*** Opening SUPPLIED RECORDS ***

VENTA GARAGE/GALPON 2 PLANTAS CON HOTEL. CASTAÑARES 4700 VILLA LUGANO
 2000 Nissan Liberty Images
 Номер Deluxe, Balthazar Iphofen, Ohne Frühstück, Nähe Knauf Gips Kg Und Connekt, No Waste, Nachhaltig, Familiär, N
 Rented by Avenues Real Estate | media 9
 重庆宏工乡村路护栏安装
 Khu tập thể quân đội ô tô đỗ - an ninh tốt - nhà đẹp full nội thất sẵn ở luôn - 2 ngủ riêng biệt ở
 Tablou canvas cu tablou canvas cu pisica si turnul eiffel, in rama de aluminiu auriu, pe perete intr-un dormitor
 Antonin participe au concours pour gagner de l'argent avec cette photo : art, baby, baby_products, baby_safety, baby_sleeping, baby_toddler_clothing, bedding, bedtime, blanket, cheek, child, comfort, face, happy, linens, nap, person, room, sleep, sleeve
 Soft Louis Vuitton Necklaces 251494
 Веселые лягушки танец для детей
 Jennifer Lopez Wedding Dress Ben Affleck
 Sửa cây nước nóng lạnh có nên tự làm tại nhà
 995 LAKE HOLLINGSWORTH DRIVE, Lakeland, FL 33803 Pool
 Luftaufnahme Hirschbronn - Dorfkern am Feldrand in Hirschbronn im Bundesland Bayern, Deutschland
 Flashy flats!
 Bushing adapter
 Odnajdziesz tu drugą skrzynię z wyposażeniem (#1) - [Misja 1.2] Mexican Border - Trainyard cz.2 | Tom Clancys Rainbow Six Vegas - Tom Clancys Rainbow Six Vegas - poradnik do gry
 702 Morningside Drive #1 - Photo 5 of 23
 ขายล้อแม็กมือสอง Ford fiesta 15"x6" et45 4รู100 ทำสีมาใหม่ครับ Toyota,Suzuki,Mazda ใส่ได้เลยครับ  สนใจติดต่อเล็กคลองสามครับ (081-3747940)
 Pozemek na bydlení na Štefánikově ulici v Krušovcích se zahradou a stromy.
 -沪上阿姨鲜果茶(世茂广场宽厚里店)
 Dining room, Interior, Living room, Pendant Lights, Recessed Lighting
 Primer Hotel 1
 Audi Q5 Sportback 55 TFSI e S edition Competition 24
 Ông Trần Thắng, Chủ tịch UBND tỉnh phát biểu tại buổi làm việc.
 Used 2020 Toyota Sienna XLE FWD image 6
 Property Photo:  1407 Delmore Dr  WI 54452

*** Closing SUPPLIED RECORDS ***

**ACTIVITY**
Restate the data above word for word, omitting nothing.

**TASK SOLUTION**
VENTA GARAGE/GALPON 2 PLANTAS CON HOTEL. CASTAÑARES 4700 VILLA LUGANO
 2000 Nissan Liberty Images
 Номер Deluxe, Balthazar Iphofen, Ohne Frühstück, Nähe Knauf Gips Kg Und Connekt, No Waste, Nachhaltig, Familiär, N
 Rented by Avenues Real Estate | media 9
 重庆宏工乡村路护栏安装
 Khu tập thể quân đội ô tô đỗ - an ninh tốt - nhà đẹp full nội thất sẵn ở luôn - 2 ngủ riêng biệt ở
 Tablou canvas cu tablou canvas cu pisica si turnul eiffel, in rama de aluminiu auriu, pe perete intr-un dormitor
 Antonin participe au concours pour gagner de l'argent avec cette photo : art, baby, baby_products, baby_safety, baby_sleeping, baby_toddler_clothing, bedding, bedtime, blanket, cheek, child, comfort, face, happy, linens, nap, person, room, sleep, sleeve
 Soft Louis Vuitton Necklaces 251494
 Веселые лягушки танец для детей
 Jennifer Lopez Wedding Dress Ben Affleck
 Sửa cây nước nóng lạnh có nên tự làm tại nhà
 995 LAKE HOLLINGSWORTH DRIVE, Lakeland, FL 33803 Pool
 Luftaufnahme Hirschbronn - Dorfkern am Feldrand in Hirschbronn im Bundesland Bayern, Deutschland
 Flashy flats!
 Bushing adapter
 Odnajdziesz tu drugą skrzynię z wyposażeniem (#1) - [Misja 1.2] Mexican Border - Trainyard cz.2 | Tom Clancys Rainbow Six Vegas - Tom Clancys Rainbow Six Vegas - poradnik do gry
 702 Morningside Drive #1 - Photo 5 of 23
 ขายล้อแม็กมือสอง Ford fiesta 15"x6" et45 4รู100 ทำสีมาใหม่ครับ Toyota,Suzuki,Mazda ใส่ได้เลยครับ  สนใจติดต่อเล็กคลองสามครับ (081-3747940)
 Pozemek na bydlení na Štefánikově ulici v Krušovcích se zahradou a stromy.
 -沪上阿姨鲜果茶(世茂广场宽厚里店)
 Dining room, Interior, Living room, Pendant Lights, Recessed Lighting
 Primer Hotel 1
 Audi Q5 Sportback 55 TFSI e S edition Competition 24
 Ông Trần Thắng, Chủ tịch UBND tỉnh phát biểu tại buổi làm việc.
 Used 2020 Toyota Sienna XLE FWD image 6
 Property Photo:  1407 Delmore Dr  WI 54452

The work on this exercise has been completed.